## [Records supplied]
▼▼▼
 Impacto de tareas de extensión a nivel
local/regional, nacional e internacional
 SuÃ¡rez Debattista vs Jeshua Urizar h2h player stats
▲▲▲
▼▼▼
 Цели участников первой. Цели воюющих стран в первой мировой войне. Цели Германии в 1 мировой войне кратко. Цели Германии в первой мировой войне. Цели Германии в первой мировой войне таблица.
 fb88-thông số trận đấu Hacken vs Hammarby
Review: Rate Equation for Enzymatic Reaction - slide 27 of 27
▲▲▲
▼▼▼
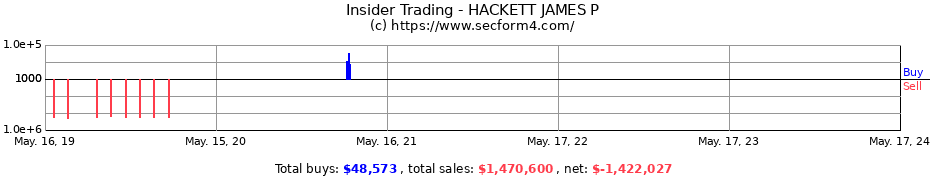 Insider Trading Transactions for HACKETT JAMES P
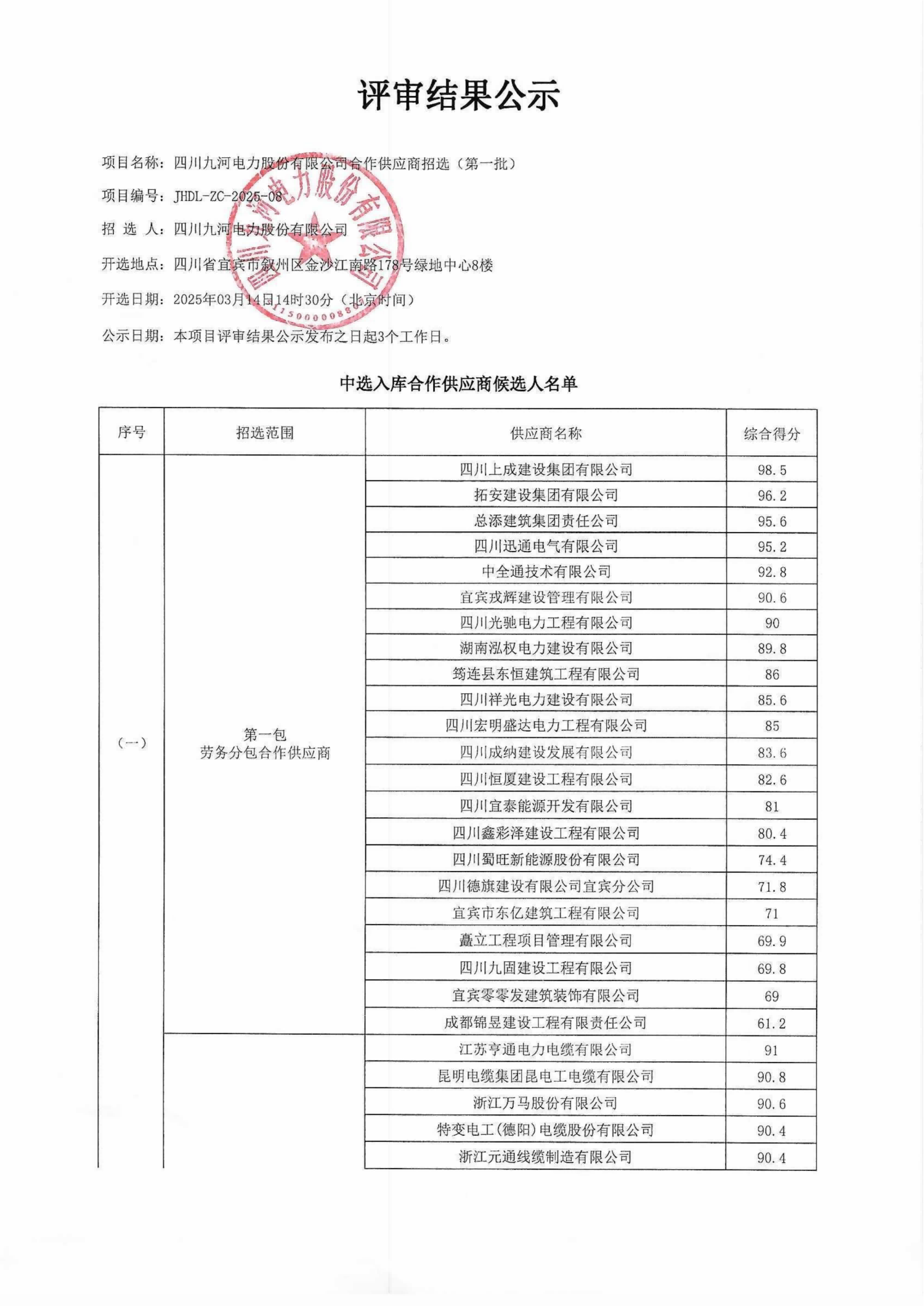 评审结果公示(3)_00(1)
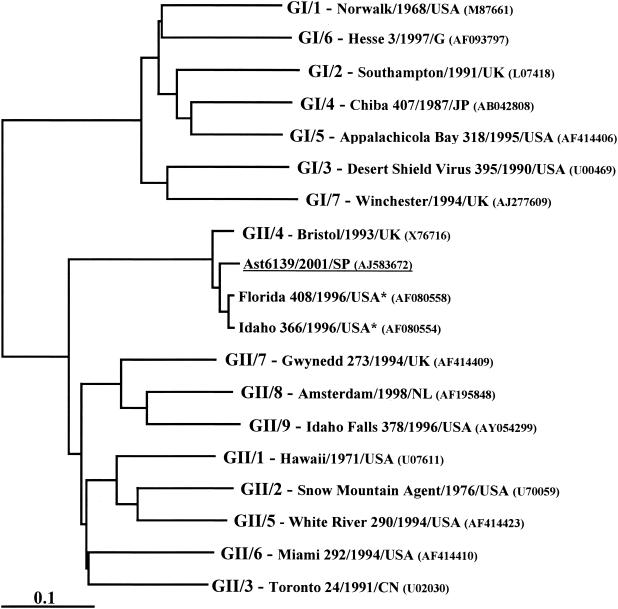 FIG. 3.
▲▲▲
## [To do]
Copy word for word the stretch of entries above from the line that has "Impacto de tareas de extensión a nivel" through the line that has "SuÃ¡rez Debattista vs", both ends included, and nothing outside it.

## [Response to this task]
 Impacto de tareas de extensión a nivel
local/regional, nacional e internacional
 SuÃ¡rez Debattista vs Jeshua Urizar h2h player stats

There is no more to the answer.